Campolo’s wife, Peggy, is a homosexual activist and believes that the Church should be accepting of same-sex “marriage.” He explained that his wife is one of the reasons why he has decided to endorse acceptance of homosexuals in Christianity.
“One reason I am changing my position on this issue is that, through Peggy, I have come to know so many gay Christian couples whose relationships work in much the same way as our own,” he said. “Our friendships with these couples have helped me understand how important it is for the exclusion and disapproval of their unions by the Christian community to end. We in the Church should actively support such families.”
After Neff applauded Campolo for his statement, Christianity Today reached out to him to obtain further clarification.
“I think the ethically responsible thing for gay and lesbian Christians to do is to form lasting, covenanted partnerships,” Neff replied in an email to Mark Galli, the current editor and former Presbyterian minister. “I also believe that the Church should help them in those partnerships in the same way the Church should fortify traditional marriages.”
Galli said that he is disappointed in Neff’s words.
“At CT, we’re saddened that David has come to this conclusion,” he wrote in an editorial on Tuesday. “Saddened because we firmly believe that the Bible teaches that God intends the most intimate of covenant relationships to be enjoyed exclusively by a man and a woman.”
Mark Tooley, the president of the Institute on Religion and Democracy, also commented on Neff in The Stream.
“Neff in recent years has inclined leftward, especially in his former role on the executive board of the National Association of Evangelicals,” he wrote, stating that Neff has backed “ostensible ‘compromise’ abortion language from Democrats to ease passage of Obamacare” and endorsed “Jim Wallis’s ‘Circle of Protection’ around federal entitlement programs,” among other items.
Tooley noted that the former Christianity Today editor, however, did sign a statement in support of biblical marriage in 2009.
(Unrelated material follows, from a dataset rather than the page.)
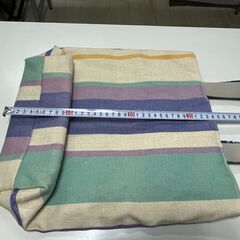 ハンドメイド／トートバッグ（A4サイズ）の画像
“Neff’s and Campolo’s full embrace of same-sex behavior indicates that theological and ethical orthodoxy may become increasingly difficult and rare for religionists on the political Left,” he said. “As they quit the historic consensus on the Christian teaching now under most assault, they likely will be joined by a growing cadre of post-Evangelicals who prefer cultural accommodation to traditional Evangelical counter cultural witness.”